Related Party Transactions
Related Party Transactions
RELATED PARTY TRANSACTIONS
Union Square Hospitality Group
Union Square Hospitality Group, LLC and its subsidiaries ("USHG") is considered a related party under common control, to which we paid management fees, health costs and amounts advanced for other general operating expenses during the period. The amounts are temporary and non-interest bearing in nature.
Under the terms of the management agreement with USHG, as amended, in fiscal 2014, we paid a 2.5% management fee to USHG based on Shack sales and licensing income generated from license agreements with unaffiliated entities. Total management fees, which are included in general and administrative expenses, amounted to $592 for the thirteen weeks ended March 26, 2014. Effective January 1, 2015, the management agreement was amended and restated. As a result, we are no longer obligated to pay management fees to USHG. Therefore, no management fees were paid to USHG for the thirteen weeks ended April 1, 2015.
Previously, we sub-leased office space from USHG on a month-to-month basis. Amounts paid to USHG as rent totaled $42 for the thirteen weeks ended March 26, 2014. This amount is included in general and administrative expense on the Condensed Consolidated Statements of Income (Loss).
Previously, our employees were included in USHG's self-insurance health plan and we paid our portion of the plan costs on a monthly basis to USHG. In February 2015, we established our own self-funded health insurance plan for our employees and ceased payments to USHG. Amounts paid to the USHG for these health insurance costs were $151 and $313 for the thirteen weeks ended April 1, 2015 and March 26, 2014, respectively. These amounts are included in labor and related expenses and general and administrative expenses on the Condensed Consolidated Statements of Income (Loss). Additionally, our employees are eligible participants under USHG's 401(k) plan. We pay our share of the employer's matching contributions directly to the third-party plan trustee.
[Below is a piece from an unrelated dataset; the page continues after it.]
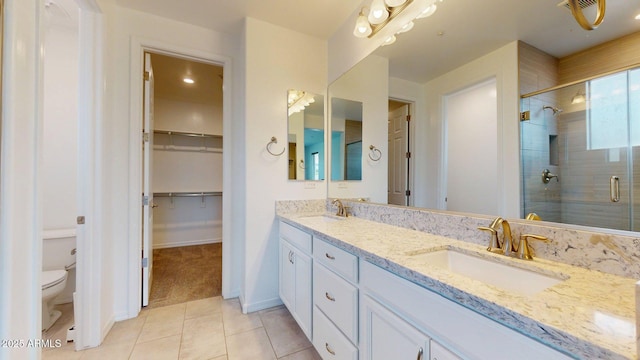 full bathroom with a sink, tile patterned flooring, a stall shower, and toilet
Total amounts payable to the USHG as of April 1, 2015 and December 31, 2014 were $39 and $238, respectively.
Hudson Yards Sports and Entertainment
In fiscal 2011, we entered into a Master License Agreement (an "MLA") with Hudson Yards Sports and Entertainment LLC ("HYSE"), a subsidiary of USHG and a related party, to operate Shake Shack branded limited menu concession stands in certain sports and entertainment venues within the United States. The agreement expires on December 31, 2027 and includes five consecutive five-year renewal options at HYSE's option. As consideration for these rights, HYSE pays us a license fee based on a percentage of net food sales, as defined in the MLA. HYSE also pays us a percentage of profits on sales of branded beverages, as defined in the MLA. No amounts were paid to us by HYSE for the thirteen weeks ended April 1, 2015 and March 26, 2014 as the concession stands operate on a seasonal basis and were closed during the period.
Madison Square Park Conservancy
The Chairman of our Board of Directors is a director of the Madison Square Park Conservancy, with which we have a license agreement and pay license fees to operate our Madison Square Park Shack. Amounts paid to Madison Square Park Conservancy as rent amounted to $97 for the thirteen weeks ended March 26, 2014. No amounts were paid for the thirteen weeks ended April 1, 2015 as our Madison Square Park location was closed for renovations. These amounts are included in occupancy and related expenses on the Condensed Consolidated Statements of Income (Loss).
Summary of Significant Accounting Policies (Policies)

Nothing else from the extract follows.